We'll refer the shape of a runtime function as its `order of growth`
* Effect is dramatic! This often tells us whether a problem can be solved at all

![](images/table.png)

* For `n = 10`, the shape of the algorithm might doesn't  really matter
* But once `n = 100,000`, the shape matters. A linear time algorithm takes less than a second, while a quadratic / parabolic algorithm takes 3 hours. 

## Duplicate Finding

Our goal is to somehow **characterize the runtimes** of the `dup` functions.

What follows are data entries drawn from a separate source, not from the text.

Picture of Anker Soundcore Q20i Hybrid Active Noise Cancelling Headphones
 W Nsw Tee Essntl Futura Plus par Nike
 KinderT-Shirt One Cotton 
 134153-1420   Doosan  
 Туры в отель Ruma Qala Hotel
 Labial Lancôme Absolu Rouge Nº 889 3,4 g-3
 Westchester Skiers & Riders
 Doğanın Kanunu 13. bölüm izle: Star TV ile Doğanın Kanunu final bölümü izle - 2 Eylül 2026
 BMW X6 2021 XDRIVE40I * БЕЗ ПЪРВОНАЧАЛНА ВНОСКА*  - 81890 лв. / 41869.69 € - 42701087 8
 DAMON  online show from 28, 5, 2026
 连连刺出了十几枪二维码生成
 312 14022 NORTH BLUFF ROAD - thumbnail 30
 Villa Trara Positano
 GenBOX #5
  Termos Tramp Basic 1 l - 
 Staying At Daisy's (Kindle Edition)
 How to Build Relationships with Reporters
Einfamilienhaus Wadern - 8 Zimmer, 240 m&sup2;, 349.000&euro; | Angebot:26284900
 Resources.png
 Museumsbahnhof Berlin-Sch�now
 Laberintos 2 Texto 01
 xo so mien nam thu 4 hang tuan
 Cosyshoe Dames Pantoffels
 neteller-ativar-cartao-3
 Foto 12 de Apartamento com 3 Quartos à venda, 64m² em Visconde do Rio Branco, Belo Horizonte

Our characterization so far is simple and mathematically rigorous.

### `dup1` - parabolic a.k.a. quadratic

| operation | symbolic count| count, N = 10,000|
| --- | --- |--- |
| `i = 0` | 1 | 1 |
| `j = i + 1` | 1 to N| 1 to 10.000|
| less than (`<`) | 2 to $\frac{N^2 + 3N + 2}{2}$| 2 to 50,015,001 |
| increment (`+=1`) | 0 to $\frac{N^2 + N}{2}$| 0 to 50,005,000 |
| equals (`==`) | 1 to $\frac{N^2 - N}{2}$ |1 to 49,995,000 |
| array accesses| 2 to $N^2 - N$ | 2 to 99,990,000|

### `dup2` - linear

| operation | symbolic count| count, N = 10000 |
| --- | --- | --- |
| `i = 0` | 1 | 1 |
| less than (`<`) | 0 to $N$ | 0 to 10,000|
| increment (`+=1`) | 0 to $N - 1$| 0 to 9,999 |
| equals (`==`) | 1 to $N - 1$ | 1 to 9,999 |
| array accesses| 2 to $2N - 2$ | 2 to 19,998 |

However, what we want is a characterization that demonstrates the superiority of `dup2` over `dup1`.